OK, this is an unusual request. But Craig Anderson, who owns the strip center near 30th Street and Centennial Blvd. is looking for a new restaurant tenant in the place where the Acoustic Coffee Lounge used to be.

Anybody have any ideas for him? Anybody want to jump in and live the dream of running a restaurant? If you do, let us know about it.

Friday, August 10, 2007

Notes on Nosh

This morning I gave Nosh the top rating for a restaurant, 5 Stars. Read the review here. It came after careful consideration and discussion, and I truly think the new restaurant, which specializes in small, inventive plates, deserves it.
I'm sure some people out there who will argue with me, and I invite them to make their case by commenting below. But here's my take: Almost everything on the Nosh menu is good. I'm not particularly down with the cheesy Duck empanadas (They taste like Superbowl half-time snacks), and I think the breading on the croquettes and the crab cakes tastes a bit too much like a McDonald's hashbrown, but in general, it's a great restaurant that provides inspired meals at a price almost anyone can afford, and does it while using a slew of local ingredients. What more can you ask for?
Is it the fanciest, finest restaurant in town. Clearly not. It's a hip casual place, but when I took this job, I decided I wouldn't award stars like Mobil does: with the top rating only going to the most rarified restaurants. I would give five stars to a hotdog stand if it was truely and inspired, exciting place.

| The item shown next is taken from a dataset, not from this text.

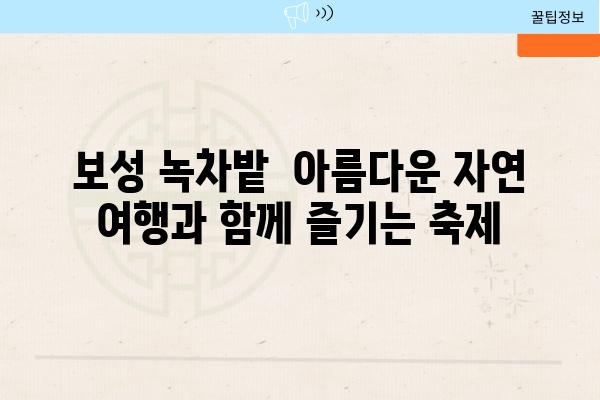 보성 녹차밭  아름다운 자연 여행과 함께 즐기는 축제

What does it mean to be a five star restaurant? For me, here's the test: Four stars means great food, dependable service, a good value -- basically a place that makes me yearn to go back. Five stars means all that, plus taking the local dining scene to places it hasn't been before. With great prices, a smattering of local food, and a sense of humor, Nosh does that. It's something downtown Colorado Springs needed, and with luck, it will prompt other restaurants to change for the better.

I lift a glass of the $2.50 sangria and say cheers to all who brought it to be.

Wednesday, August 08, 2007

Cure for Cafe 36

A reader emailed me with the perfect solution to all the Fine Arts Center's problems:

Brent Beavers.

You remember Brent. He was the chef at Sencha. Not only is he a phenomenal cook, he also has a whimsical artistic streak, creating Literary Dinners that pair costumed book readings with multi-course themed meals.

Since losing Sencha and getting canned from the Metropolitain (he apparently was less than civil with his boss after being denied the health coverage he wanted), Brent has been doing the Literary Dinners as traveling gigs.

But what better place for him to land than the Fine Arts Center, where his creativity can become part of the larger fabric.

Hey, De Marsche, give him a call!

Wednesday, August 01, 2007

Cafe 36 review-- see post and comments below

YOU WON'T FIND THIS REVIEW IN FRIDAY'S GO! READ NEXT POST TO FIND OUT WHY.

By Nathaniel Glen
THE GAZETTE

It’s fitting that the Fine Arts Center’s new restaurant, Café 36, is named after the building it’s in, not the food it serves.

The museum, built in 1936(hence the cafe’s name) has always been one of the most brilliant in Colorado Springs. Even the most enticingly elegant dishes would be upstaged by this classic space, and the tired salads and trying-to-keep-up lunch and brunch entrees at Café 36 have more the feel of a gaudy teal pants suit.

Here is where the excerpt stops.